Anatomics was this week announced as a flagship project as part of the Federal Government’s $35 million BioMedTech Horizons fund program.
The BioMedTech Horizon fund will support Anatomics to commercialise world-leading technology known as PoreStar, a porous high-density polyethylene material that is used to create implants that assist in the repair or augmentation of craniofacial bone, where patients have been born with a congenital condition, or suffered a tumour or trauma to the face and skull.
PoreStar is the first synthetic product of its type that is able to augment bone and integrate into the body’s own tissue.
Executive Chairman of Anatomics Dr Paul D’Urso thanked the Federal Government including Health Minister Greg Hunt MP and the Managing Director of the Medical Technologies and Pharmaceuticals Growth Centre (MTP Connect) Sue McLennan for supporting Anatomics and Australian biotechnology innovation.
“I thank the Australian Government and Health Minister Greg Hunt for his commitment to Australian innovation firstly as Industry Minister and now as Health Minister, and also MTP Connect,” he said.
“The funding will be used to continue to commercialise PoreStar and help Anatomics to stay at the forefront of showcasing to the world that Australia has equal or better capability among our scientists, innovators, medico’s and research institutions when compared to Europe and the United States.
“For a small country, we certainly punch above our weight with our medical technology, and Anatomics is proud to be among other Australian companies that are global leaders in this sector.”
Anatomics has achieved a number of world-first milestones in medical technology and is widely recognised internationally for the world pioneering manufacture of 3D printed patient specific titanium prosthetics, creating a titanium heel for an Australian cancer patient that was printed by the CSIRO and implanted into the patient at St Vincent’s Hospital, Melbourne. This world-leading surgery resulted in the patient retaining his leg.
America’s leading surgeons also called upon Anatomics to help a 20-year old American student to breathe again following cancer, using a 3D printed composite titanium and polyethylene sternum and ribcage prosthetic implant that replicated bone and cartilage.
It is the first time the surgery has been performed in the United States.
US student Penelope Heller had researched the Australian company online after finding that Anatomics had created the world’s first titanium ribcage for a Spanish patient. Penelope and her family spoke to her surgical team at New York’s upper east-side New York-Presbyterian/Weill Cornell Medical Center and the surgeons began investigating how Anatomics could help Penelope to breathe again by creating the implant.
In a rare achievement for an Australian device manufacturer, Anatomics’ implant was approved by the US Food and Drug Administration’s (FDA), Expanded Access Program that can be used by American surgeons to implant non-listed devices where the surgeon believes the device provides a unique benefit to the patient.
Anatomics has now received a 510k from the US Food and Drug Administration to market PoreStar in the United States for custom CMF applications (CMF refers to the design expertise of custom implants).
Anatomics was also called upon by a Spanish surgical team to create the world’s first custom-designed 3D printed titanium sternum and rib cage implant for a patient who had lost his rib cage to cancer and was unable to sit-up, with the operation a success and the man able to walk independently as a result of Anatomics technology.
Last year, a British surgical team contacted Anatomics to help them perform a UK-first surgery for a British man who had an infection eat away at his sternum.
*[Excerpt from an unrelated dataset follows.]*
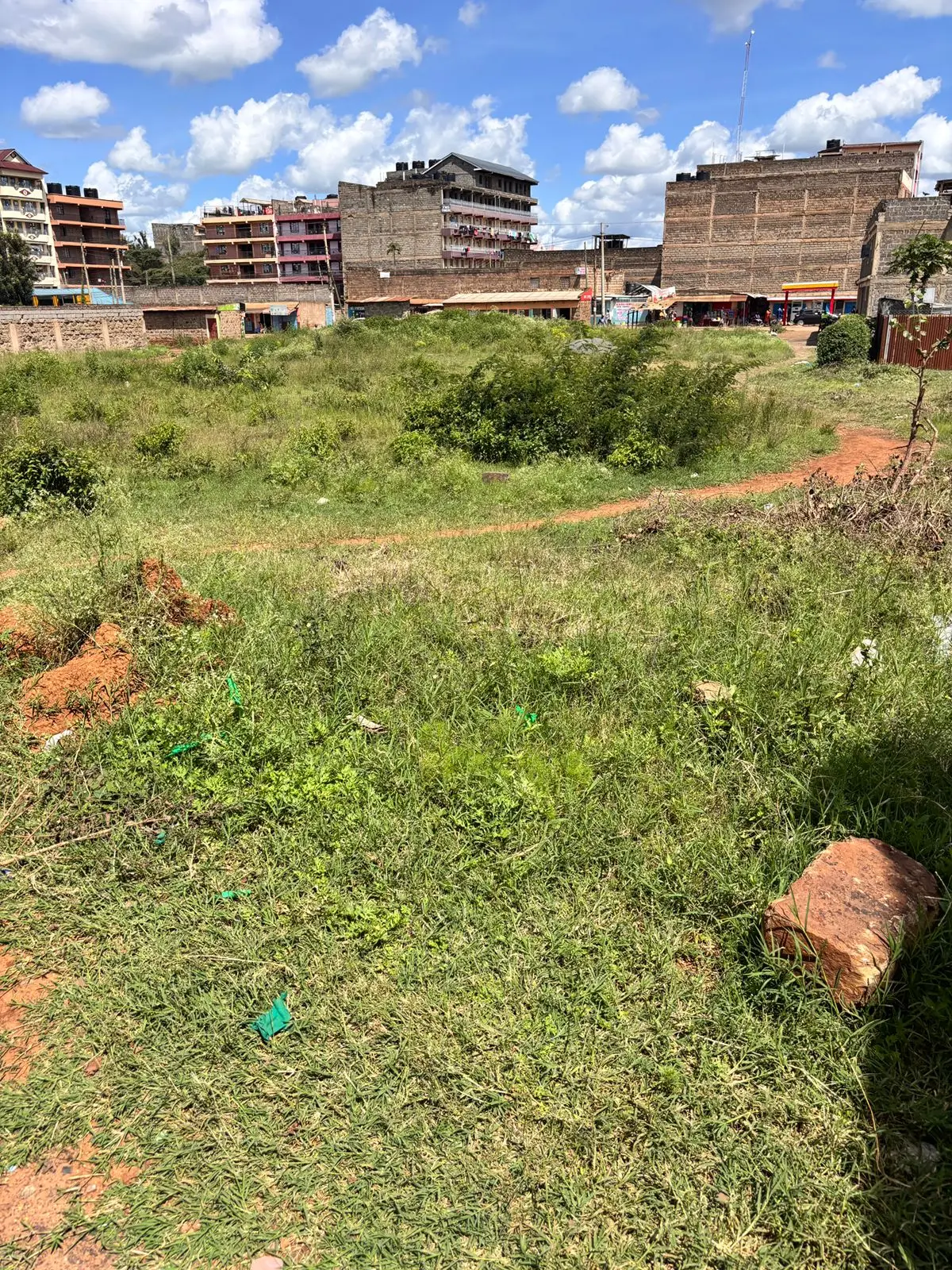40 BY 80 PLOTS FOR SALE IN MURERA GWA KAIRU.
Anatomics designed a composite implant combining a custom designed 3D-printed titanium sternum implant with PoreStar technology for the surgeons. Anatomics provided the only solution available world-wide for the man’s sternum to be replaced.
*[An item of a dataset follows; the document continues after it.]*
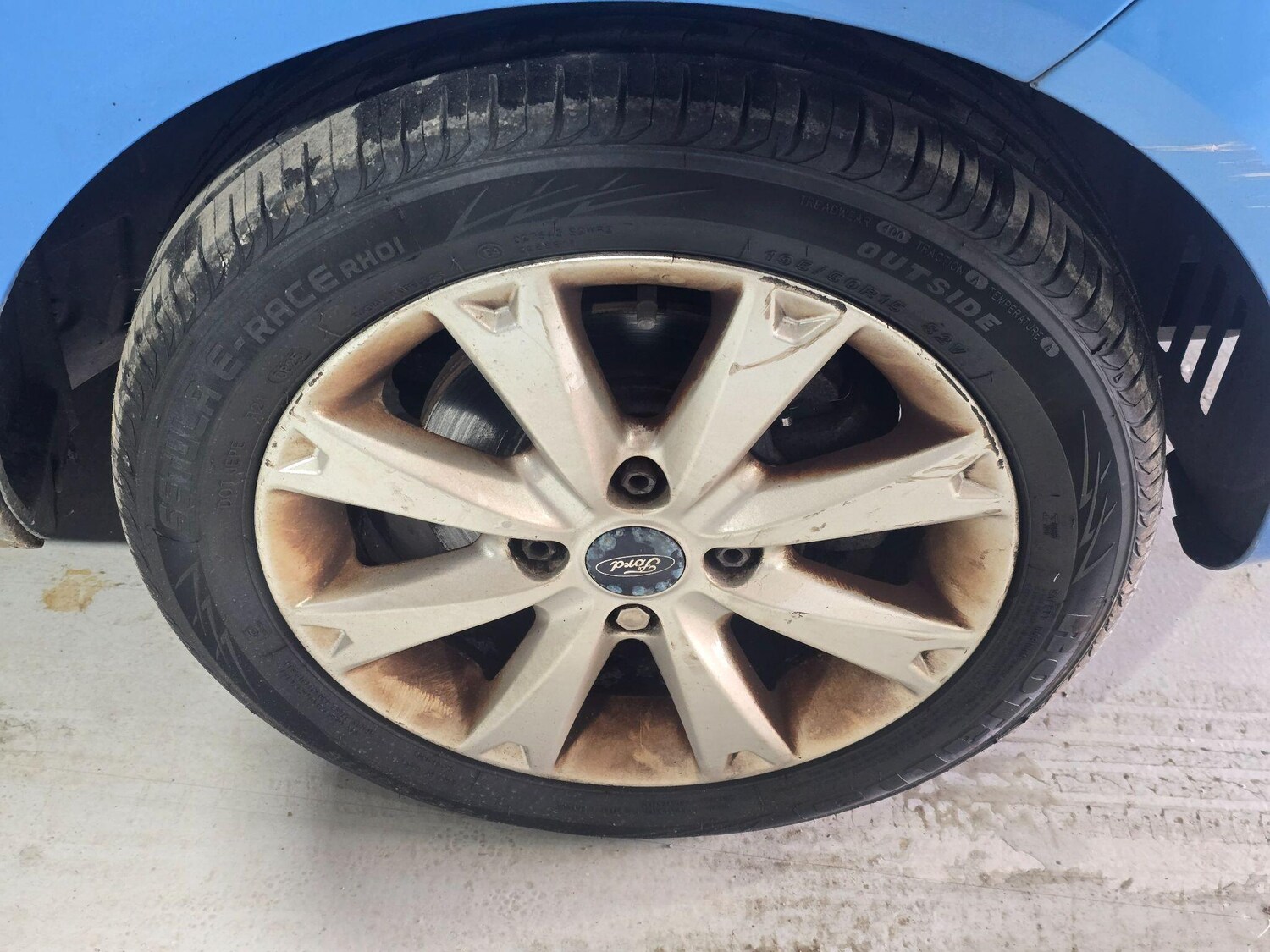 Used Ford Fiesta for sale - 77575353: Photo 29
The custom implants are designed using high-resolution CT scans of the patient’s affected area that are sent to Anatomics engineers in Melbourne via the secure AnatomicsRx software platform.
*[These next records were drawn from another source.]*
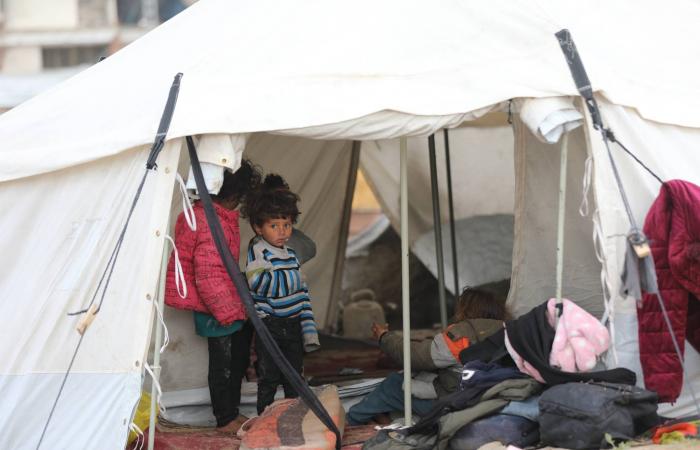 المنخفضات
      الجوية
      تحصد
      مزيداً
      من
      أرواح
      النازحين
      الغزيين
The requesting surgeon works with the engineers to approval the design and then Anatomics biomodelling engineers in St Kilda, Melbourne create a model of the required implant and work in conjunction with the Commonwealth Scientific & Industrial Research Organisation’s (CSIRO) 3D printing laboratory, Lab 22 at Clayton in Melbourne’s outer suburbs.
All three patients have recovered extremely well following these pioneering surgeries. Dr D’Urso is currently working with Australian regulators to progress the use of custom-designed medical implants in Australian surgery.
MTP Connect’s program aims to help Australia move more cutting edge-ideas and breakthrough discoveries towards proof-of-concept and commercialisation, and stimulate collaboration across disciplines between the research, industry and technology sectors to maximize entrepreneurship and idea potential.